Facendo un salto temporale dagli anni Settanta ai giorni nostri, mi sono ritrovato a spasso per l’Italia nel periodo delle prove di lavoro estive riservate ai cani da ferma. Il ritmo che solamente la casualità sa dare agli incontri e allo stare insieme settimana dopo settimana, con persone che magari conosci poco e che, man mano che la frequentazione aumenta, diventano conoscenze (e qualcuno magari diventa amico), quella casualità – dicevo – ha un sapore strano. Quando le persone mangiano ripetutamente allo stesso tavolo, con una certa assiduità, è come se iniziassero a formare una nuova società, una famiglia. Quando gli stessi aneddoti riecheggiano e provocano risate, le stesse risate, in posti diversi in un lasso di tempo breve, è come se una famiglia tendesse a ricomporsi alla maniera di uno sciame dopo essersi separata solo qualche giorno prima.

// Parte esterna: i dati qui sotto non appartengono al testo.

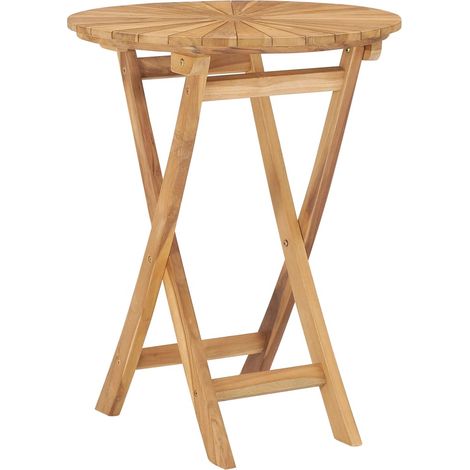 Table pliable de jardin Table de camping Table à dîner Ø 60 cm Bois de teck solide BZTHBS799688 (1/5)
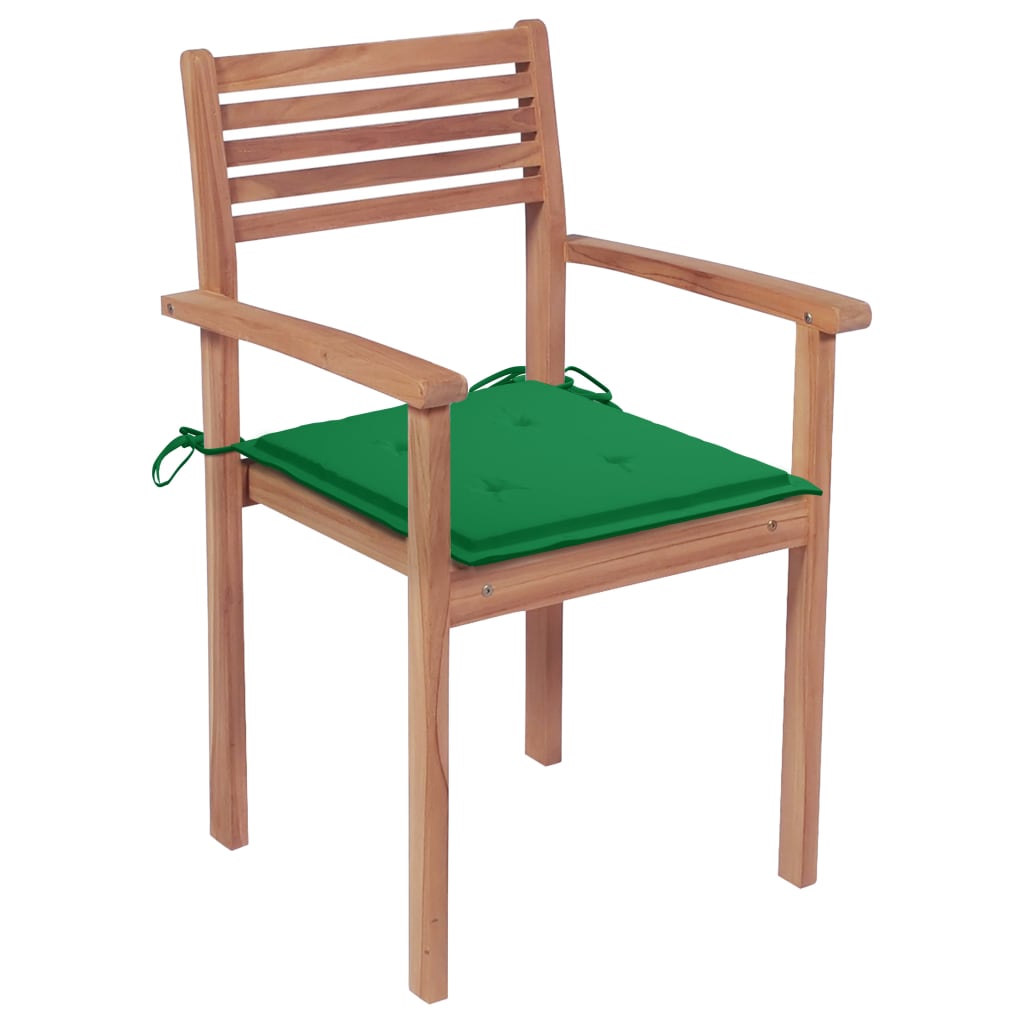 vidaXL 2 db tömör tíkfa kerti szék zöld párnákkal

Cacciatori cinofili in marcia con la carovana della cinofilia
Poi i termini non sono importanti: famiglia, carovana è uguale. Non sono i termini che contano. Anche perché a furia di girare i termini si depositano nel linguaggio della carovana. Termini che vanno a costituire un gergo che poi sfocia quasi in una lingua nuova, una sorta di “esperanto” fatto ad hoc per la carovana della cinofilia, a cui si aggregano molti cacciatori cinofili. Una parola di spagnolo, due in serbo, tre in croato, tante in italiano, tante in dialetto (che cambiano a seconda di chi si frequenta) e i discorsi prendono così la forma della passione, meglio descritta con tutti quei termini che si accumulano fra l’Andalusia e la Serbia. Meglio descrivono le starne, i punti, le prese di punto, le “possibili truffe”, i cani, i conduttori, i cacciatori, i giudici e la passione per la caccia con il cane da ferma. Tutto raccolto negli aneddoti e stigmatizzato dal linguaggio autoctono del serpentone dei furgoni. Idemo che è tardi! Per lo sgancio, per le relazioni, per il pranzo, per i cani da accudire. Idemo. E si va! Non ci si ferma mai. Sempre in giro e senza accorgersene ci si trasforma in zingari. E il tempo passato “a giro” fa nascere delle domande. E senza affannarci a trovare le risposte ci si chiede: ma andiamo in giro per i cani o i cani sono una scusa per andare in giro? Domanda che può rimanere senza la risposta. Come una nave che continua ad andare ma non attraccherà mai in nessun porto, la carovana della cinofilia è perpetua. Gli appuntamenti si susseguono con le stagioni, fra prove e allenamenti. Per arrivare pronti sui terreni di caccia.